Nov. 9, 2001

       I moved to Los Angeles when I was eighteen years old, in 1976, strictly because I wanted to write and direct movies.  In the intervening twenty-five years I have written and directed four feature films, but none of them were for Hollywood studios -- all of my films are independents.  My second film, Lunatics: A Love Story, was purchased by a major studio, Columbia Pictures, after it was completed, and has subsequently gotten the worst release of any of my films.  Now the film is a collector's item and more difficult to find than a D. W. Griffith silent short from 1910.
       The bottom line is that Hollywood doesn't want me or my films.  No distributors will even watch my last film, If I Had a Hammer.  I am perfectly welcome in Hollywood as a TV director, which is why I'm a member of the Director's Guild of America, not because of my films.  In fact, my films have gotten me into trouble at the DGA.  Technically, I am thought of as a one-hour dramatic television director.  It's a living, but that's not why I went to Hollywood.
       The film business has gone to hell in a handcar in the last twenty-five years and I've gotten to watch the whole messy affair close up.  You see, I didn't move to Hollywood to just make movies.  I wanted to make good movies, or at least my interpretation of good.  And since I grew up watching cool, interesting, artistic examples of high quality movies, that's what I decided I wanted to do with my life -- make good movies.  Not just any movies, good ones.
       Sadly, however, they don't make good movies in Hollywood anymore.  I was tricked.  Then again, maybe it was me being in Hollywood that ruined the whole deal.  If movies suddenly get really good again now that I've left, then we'll know why.

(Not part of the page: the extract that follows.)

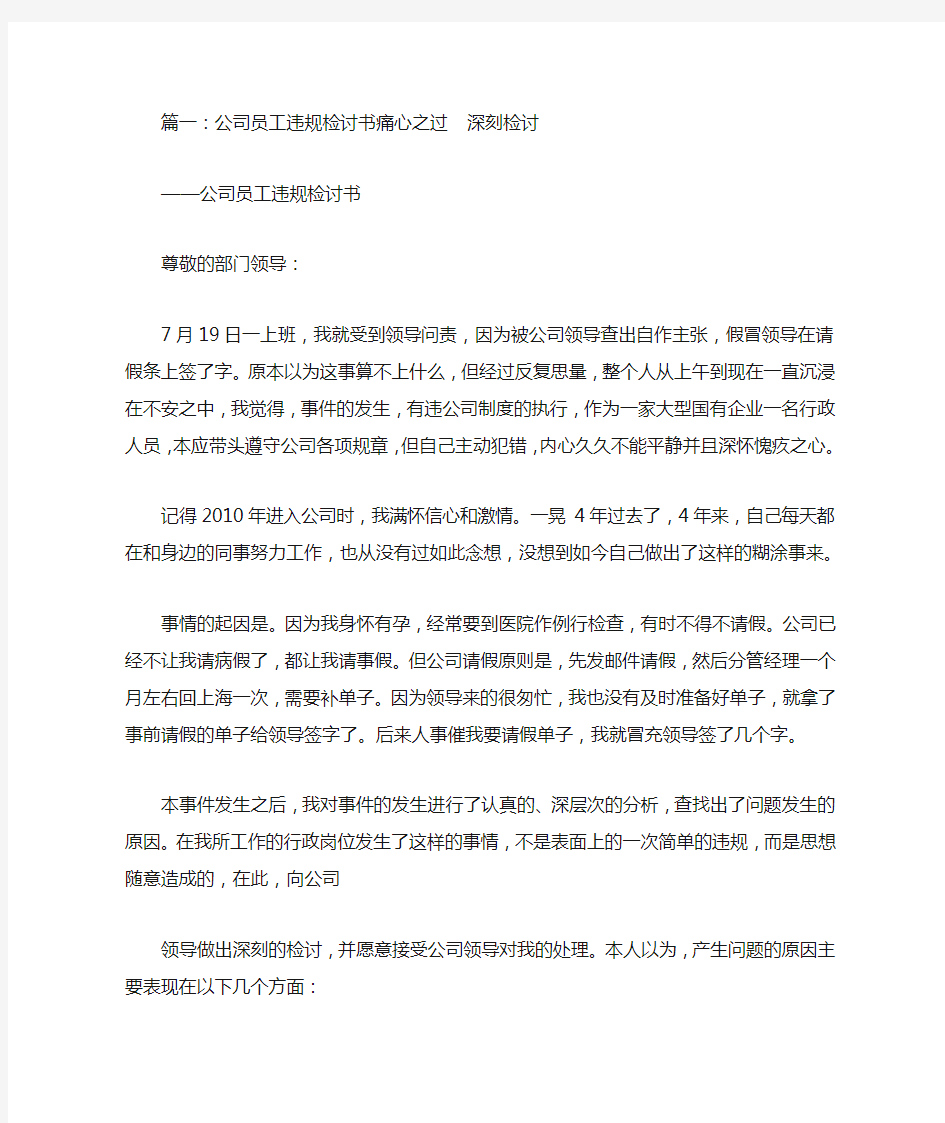 违规发放检讨书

       But I bet it probably wasn't me.  The film industry in Hollywood was in the midst of a serious change when I arrived, bright-eyed and bushy-tailed, in 1976.  I lived right near Columbia Pictures, which was still located on Gower Ave., where it always had been (beside Poverty Row, where all the really low-budget pictures were made).  On either side of Columbia's innocuous front doors were black stone bas-reliefs of Harry and Joe Cohen, founders of Columbia Pictures (a famous Hollywood story goes that when Harry Cohen, who was considered disagreeable and foul-mouthed, was buried at the Hollywood Cemetery and a large crowd turned out, Danny Kaye quipped, "You see, you give the people what they want and they'll show up").  Anyway, one day I was walking past the studio and suddenly, instead of Harry and Joe Cohen's profiles, there were discolored squares on the white stucco wall where the reliefs had been.  I went inside and asked the guard what happened to the plaques of Harry and Joe?  The guard promptly replied, "They got thrown out."
       Columbia Pictures moved to Burbank onto the Warner Brothers' lot.  Then MGM moved out of their Culver City lot and I actually watched as the big Leo the lion sign was taken down with a crane and no doubt thrown out.  Now MGM is located in an office building and has no lot.  20th Century-Fox sold off most of their back lot which became Century City, a concrete high-rise enclave that is a blight on an already ugly city.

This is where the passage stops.